On 2 January 1950, at the national athletic championships held in Napier, Sinclair won what was at the time described as "the greatest mile ever run in New Zealand". His time of 4:13.5 in beating Maurice Marshall and Neil Bates in a closely contested race was a New Zealand resident record, narrowly eclipsing the 4:13.6 set by Randolph Rose in 1926 at Masterton. Sinclair then competed in the men's one mile at the 1950 British Empire Games in Auckland. He finished third in his heat, recording a time of 4:19.8 in a close race, to progress to the final. In the final, he placed sixth in 4:20.0, with the winner, Canadian Bill Parnell, recording an Empire Games record of 4:11.0 and Maurice Marshall, the best-placed New Zealander, finishing third with a time of 4:13.2.
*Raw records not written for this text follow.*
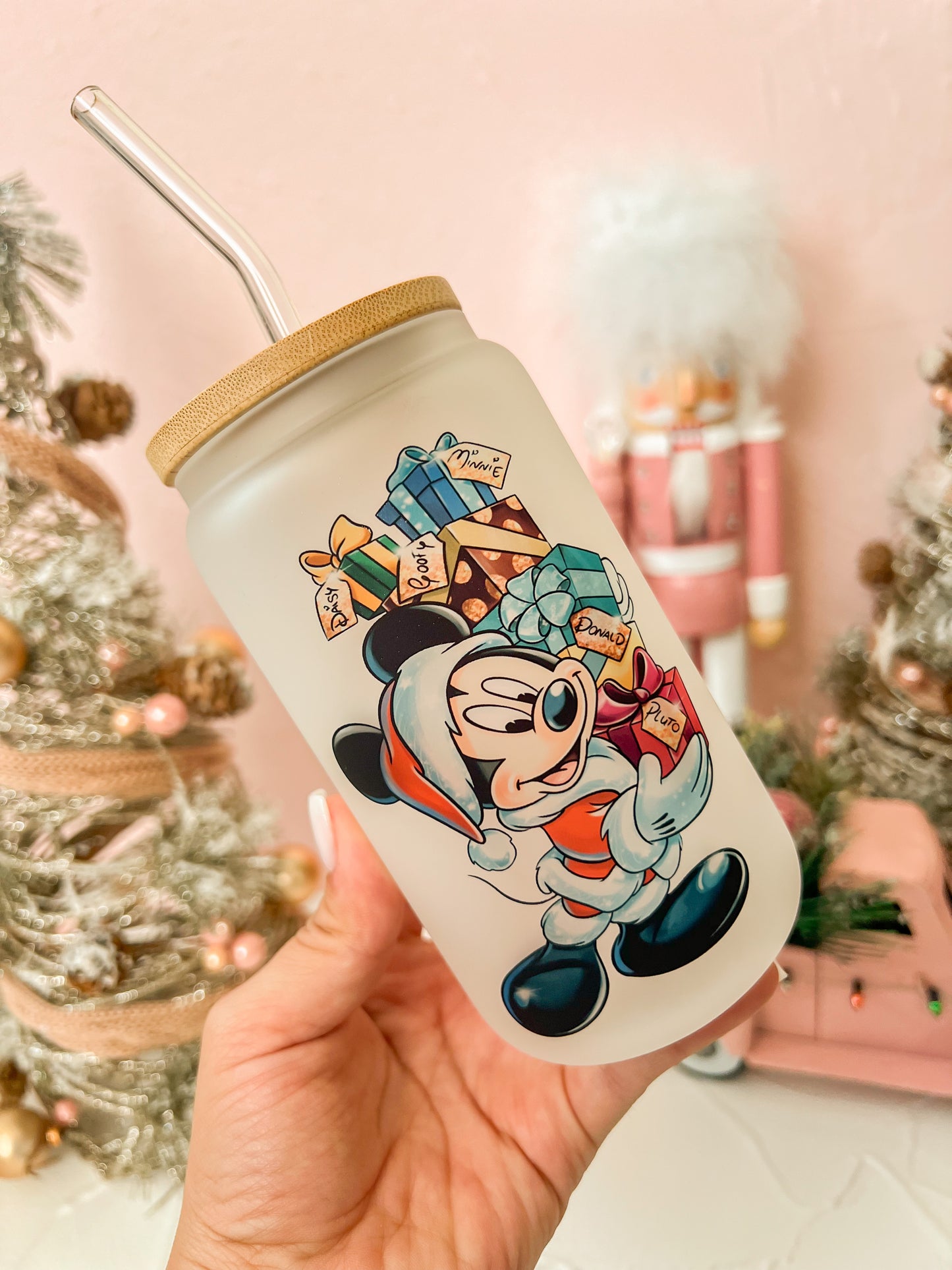 Mr. Mouse & Gifts Christmas Glass Cup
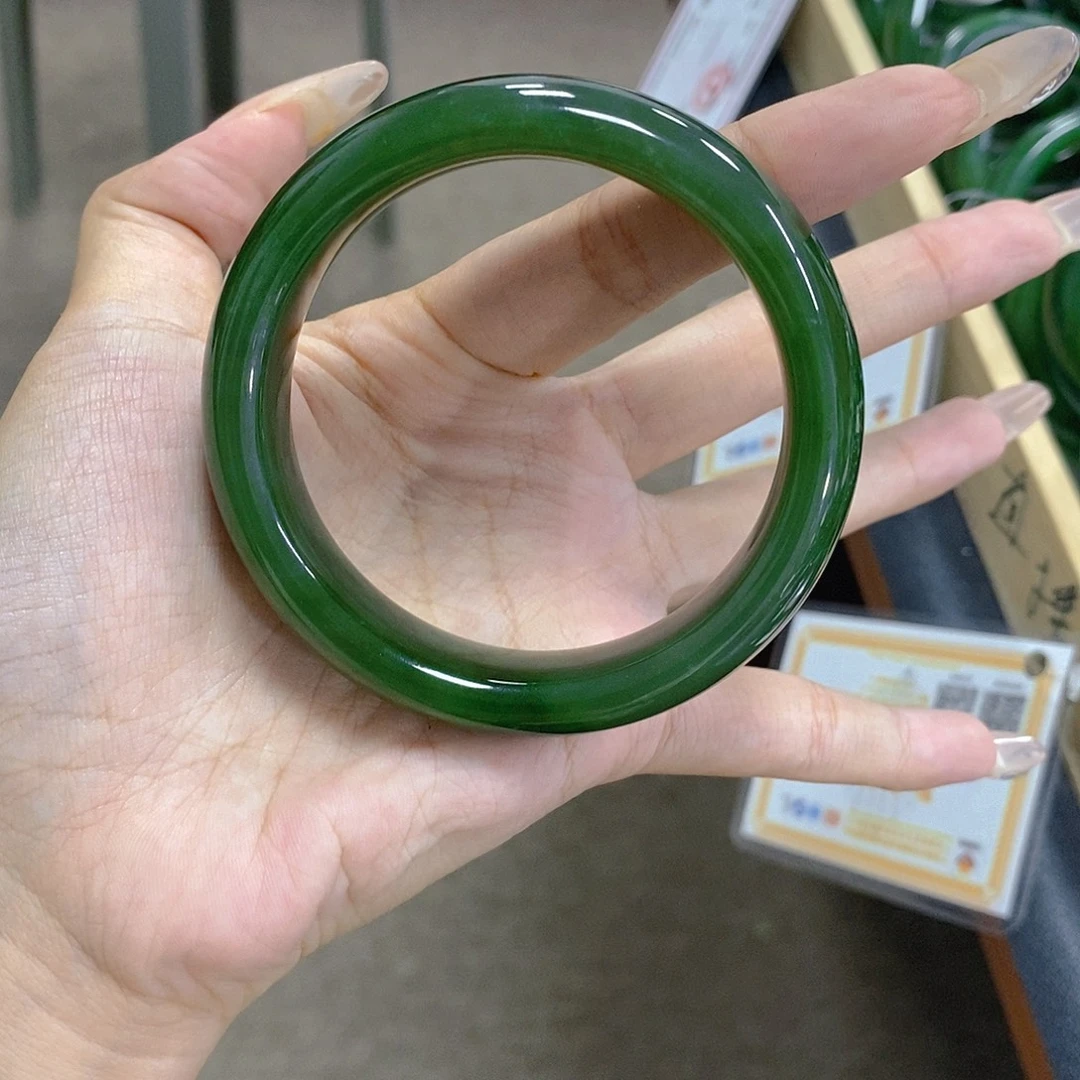 林***景和田玉未镶嵌手链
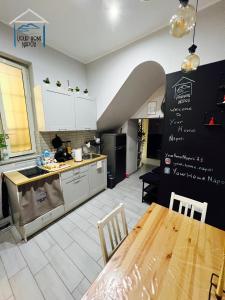 Η κουζίνα ή μικρή κουζίνα στο Your Home Napoli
==Medical and academic career==
Sinclair's early research, as part of his Bachelor of Medical Science studies, was conducted in the laboratory of John Eccles—at that time a professor at the University of Otago and later a Nobel laureate—and was published in the Journal of Neurophysiology in 1949. In 1953, Sinclair began working at Green Lane Hospital in Auckland as a Medical Research Council fellow in chest diseases. He then undertook overseas postgraduate training in respiratory medicine, first at the Royal Brompton and Hammersmith Hospitals in London, and then at the Mayo Clinic in the United States, returning to New Zealand in 1960. Sinclair was awarded a Doctor of Medicine degree by the University of Otago on the basis of his research in respiratory medicine, with a thesis titled The effect of breathing exercises in chronic pulmonary emphysema.

Sinclair was appointed the head of the Department of Clinical Physiology at Green Lane Hospital in 1960, contributing to ground-breaking work there in cardiothoracic surgery and medicine. In 1964, he became a member of the University of Auckland's medical advisory committee, planning the establishment of the Auckland Medical School, which opened in 1968. In that year, he was appointed the inaugural professor of physiology at the Auckland Medical School. He remained head of the Department of Physiology until 1984, and later served in the same role from 1990 to 1993. He was also acting head of the Department of Biochemistry between 1972 and 1974.

Sinclair served as scientific secretary of the Medical Research Council in 1966, and was a Fellow of the Royal Australasian College of Physicians.

==Later life and death==
Sinclair retired in 1993 and was conferred the title of professor emeritus, although he continued some teaching duties until 1997. He died at his home in Auckland on 11 February 2018.